Many of us are spending more time in the garage this time of year. For some, more time in the garage could mean more exposure to tools—for others it just means a different place to drink beer. Let’s assume you can relate to the tool-bearing garage-o-phile.

Recently it’s occurred to me that the more general a tool is in its nature, the more diverse the injuries it can cause. Conversely, the more specific a tool is in its intended purpose, the more specific the damage it can cause tends to be. For example, a utility knife is pretty specific in its purpose: To cut something—be it fuel line, a box top, or a piece of rope. Therefore the injuries caused when using a utility knife tend to be cuts of varying severity. I doubt anyone has ever been knocked out by a utility knife, or broken a finger with one.

A sledgehammer can be a different story altogether. A sledge can be used to break things loose or to bend, drive and flatten things. It can be misdirected to cause unintended damage across a wide spectrum. Broken bones, bent parts, broken parts and collateral damage are all well within the domain of the average sledgehammer, not to mention feats of strength. My uncles were fond of holding a sledge at arm’s length, then controlling it with their wrist/forearm strength to lower it slowly to touch their nose, then raise it upright again. Don’t come cryin’ to me if you attempt this and end up with a broken nose.

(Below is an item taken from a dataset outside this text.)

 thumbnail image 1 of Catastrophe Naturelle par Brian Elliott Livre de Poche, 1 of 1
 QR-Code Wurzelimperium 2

The reason I began to ponder the damage potential of various tools was due to a very specific and unforeseen self-inflicted injury. But first, some background. At an early age I was taught to solder wire. Twisting them together was OK for testing, but for a long-lasting mechanical and electrical connection and a quality job, wires needed to be soldered. The tool used for this was fairly specific: A Weller electric soldering gun. Before Radio Shack invented the “Third Hand,” useful for keeping both wires together while you tried to solder them, I served as a human third hand for my father’s soldering projects. With smoke wafting from the Weller, just fractions of an inch from my prepubescent fingers, I learned to respect the soldering iron.

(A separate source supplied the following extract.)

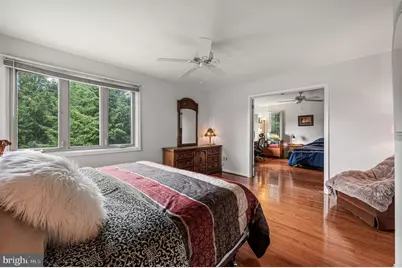 1107 Mews Lane, West Chester, PA 19382 - Photo 28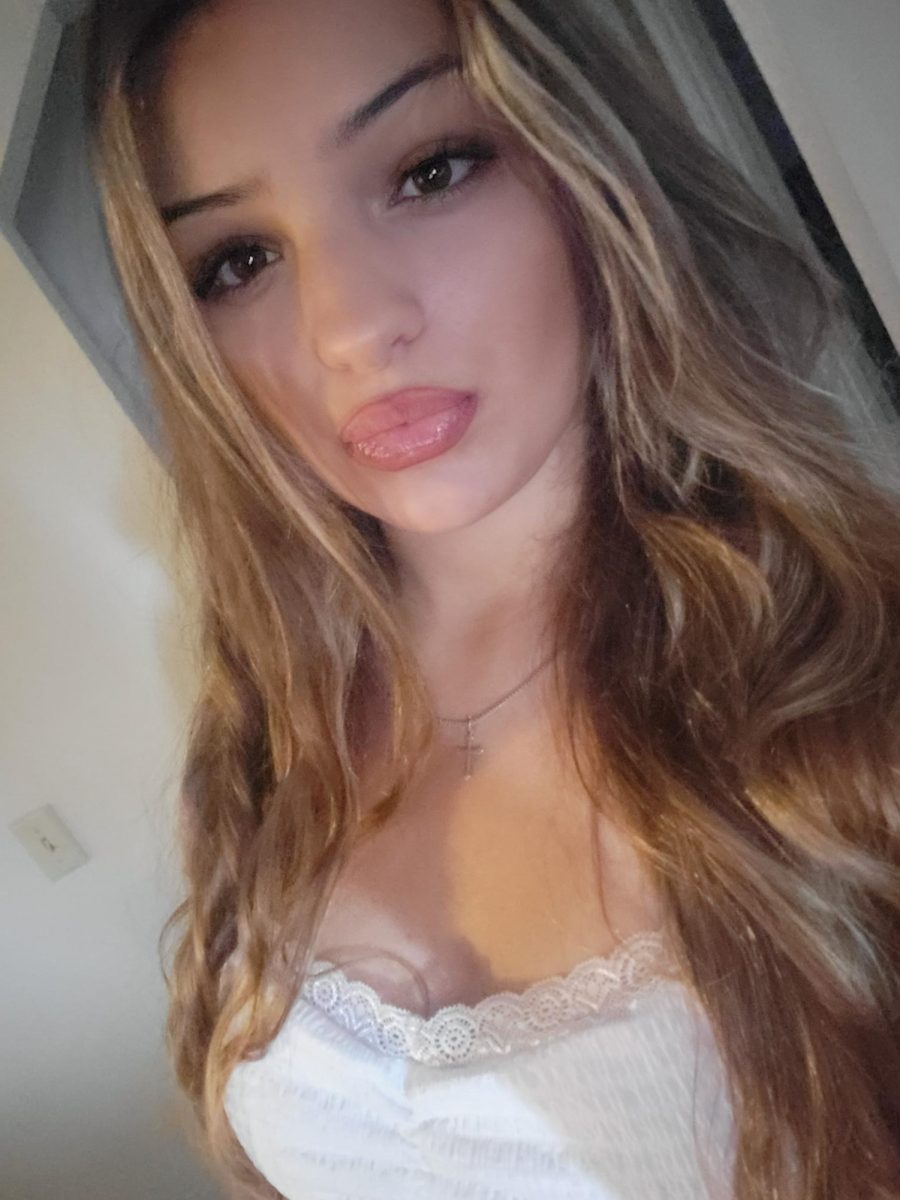 Ivy Desa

Many soldering projects took place at our kitchen table. Occasionally molten solder would drop onto the table’s Formica top, but if it was brushed away quickly enough, it didn’t burn the table or your fingers. Molten solder always reminded me of the mercury we played with in grade school that came from broken thermometers—except it was hot! Side note: Yes, we really played with mercury barehanded in grade school in the ’60s and, when we were finished, some lucky kid got to take it home or we tossed it in the wastepaper basket.

As an adult, while doing my own soldering I took bigger risks, occasionally paying the price with a burnt finger. The molten solder droplets are typically very small, so the burns don’t tend to be too bad—more of an annoyance and a cost of doing business as opposed to a real health threat.

Recently, I was lying on my back in the garage, soldering a rear marker light wire. What happened next was unanticipated, but predictable in hindsight. I’d like to tell you I saw it coming—that somehow I was prepared, but that would be a lie. Midway through the job, as I was tinning wire number two, a rivulet of molten solder dripped from my overhead connection, freefalling to its final destination—the inside of my right nostril! It was roughly 10 times more painful than a bee sting, leaving a small burn that lasted about 10 days. For the morbidly curious, there was no sizzle and no smell; just pure pain. If solder snorting were an NBA event, this one would have been nothin’ but net!

The safety-conscientious reader can rest assured that I do wear safety goggles when soldering on my back, but adding nose plugs never crossed my mind. Maybe it should have, but when you grow up playing with mercury you tend to have a different reality. Be careful during those long hours in the garage this winter. Strange things can happen there. Some of them you can even laugh about later.